This project implements a web crawler that collects and processes URLs, saving them into a Neo4j graph database. The crawler extracts and processes URLs from the web, follows links, and stores data on each visited page. The project uses the Jsoup library for HTML parsing and Neo4j for graph database management.
Purpose: A new folder was created to organize the web crawling functionality, containing the core classes for crawling and benchmarking.
This class is the main component of the crawler and is responsible for initiating the crawling process, handling URL extraction, and storing crawled data in the Neo4j database.
This class was added to benchmark the performance of the web crawler, comparing different crawling strategies (e.g., different queue sizes, depth settings) to evaluate the efficiency of the crawler.
The test class used to mock interactions with Neo4j and verify that URLs are processed correctly. It ensures that methods are being called properly.
The WebCrawler class is the core of the project. It manages the crawling process, starting from a given URL and recursively crawling up to a specified depth. It uses a priority queue to manage URLs based on their priority, which is calculated based on the URL content.
4. Links are extracted using the Jsoup library and filtered to ensure they are not already visited or invalid.
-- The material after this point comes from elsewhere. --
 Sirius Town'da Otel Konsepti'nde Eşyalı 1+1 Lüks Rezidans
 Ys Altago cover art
5. URL data is saved in a Neo4j graph database, including URL, depth, and in-degree (number of incoming links).
When a URL is processed and links are found, the method saveLinkToGraph() is invoked to create a relationship between the "from" URL and the "to" URL.
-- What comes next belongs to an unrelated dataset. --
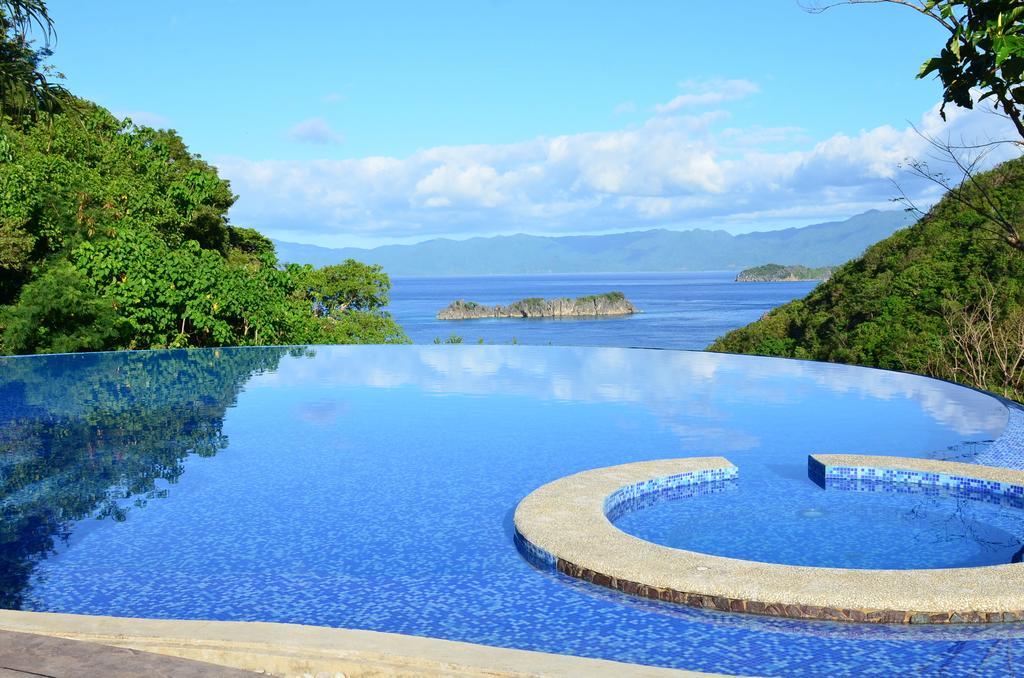 Tugawe Cove Resort Colongcocon Екстер'єр фото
Each time a relationship is added, the in-degree for the target page (the "to" URL) is incremented by 1 in the database.
In order to prioritize certain URLs over others during the crawling process, the WebCrawler class uses a heuristic approach.
Priority Calculation: URLs are assigned a priority score based on keywords present in the URL or its content.
Priority 1 (Highest Priority): URLs containing .edu and including the keyword “graduate”.
Priority 2 (Mid Priority): URLs related to admissions for Boston universities.
Priority 10 (Low Priority): URLs that are less important (e.g., help or policy pages).
Default Priority 5: For all other URLs.